**Data extract**
......
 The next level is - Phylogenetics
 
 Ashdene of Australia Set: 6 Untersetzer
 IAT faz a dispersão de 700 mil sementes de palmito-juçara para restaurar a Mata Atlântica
......
**Goal of the exercise**
Every line of the listing is to be returned exactly as given.

**Expected answer**
 The next level is - Phylogenetics
 
 Ashdene of Australia Set: 6 Untersetzer
 IAT faz a dispersão de 700 mil sementes de palmito-juçara para restaurar a Mata Atlântica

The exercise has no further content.